An issue often cited with the above approaches is that they are backward looking. If you subscribe to the existence of factor premiums, you would have to agree that there is useful information in history. However, for some investors looking only in the rear-view mirror is uncomfortable. It is very difficult for backward looking systematic approaches to identify regime changes in markets.
So, here is where one could look to more traditional discretionary approaches.
3) Discretionary Multi-Factor
These discretionary approaches are essentially traditional stock pickers. Here, a fund manager will use positive factor exposure as the basis upon which they conduct fundamental analysis. For instance, this could involve using a quantitative screen that looks for stocks with exposures to these factors. It would then conduct investment analysis only on companies that meet this criteria.
The general benefit of this approach would be two things:
– the oversight from a portfolio manager gives investors comfort
– it incorporates a more forward-looking aspect to the process.
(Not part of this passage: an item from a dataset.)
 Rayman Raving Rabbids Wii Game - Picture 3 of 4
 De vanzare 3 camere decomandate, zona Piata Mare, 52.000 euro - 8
They also tend to have lower turnover and be more concentrated. This reduces trading costs and gives a higher tracking and therefore, assuming a similar information ratio, more alpha potential.
Environment, Social and Governance (ESG) factors are also better incorporated in discretionary approaches. Quantitative strategies are making progress here, but given ESG data is still in its nascent stages and of questionable reliability, ESG risks/opportunities are generally better assessed in a more traditional way.
The issues would be that these are less scalable and as such will typically come at the cost of higher fees. There will also be an increased chance of “key person risk”. This is because decisions normally rest in the hands of one portfolio manager or a small team, rather than a systematic, repeatable quantitative model. The forward-looking aspect is also only useful if the manager’s analysis is good and it reintroduces the human behavioural biases that systematic strategies look to nullify. Therefore, as with all the multi-factor approaches, carrying out robust due diligence, ensuring your beliefs are aligned with this type of strategy and getting comfort in the manager’s skill is crucial.
So, is there a silver bullet?
Overall, there are numerous avenues an investor can go down if they believe exposure to factors can increase the return potential of their equity portfolio. There are clear benefits and drawbacks no matter which avenue is chosen, and advocates for each, often with financial incentives to advocate, will always argue theirs is the correct way to go. In the ever-changing environment of financial markets, there is no perfect solution.
The only silver bullet is that investor’s must be sure that their decision aligns with their beliefs and that they fully understand what it is they’re buying by conducting thorough due diligence. They must also make sure that these decisions are aligned with their governance and fee budgets. If investors buy into a strategy without doing this, instead of a silver bullet, they’re more likely to find they’ve just shot themselves in the foot.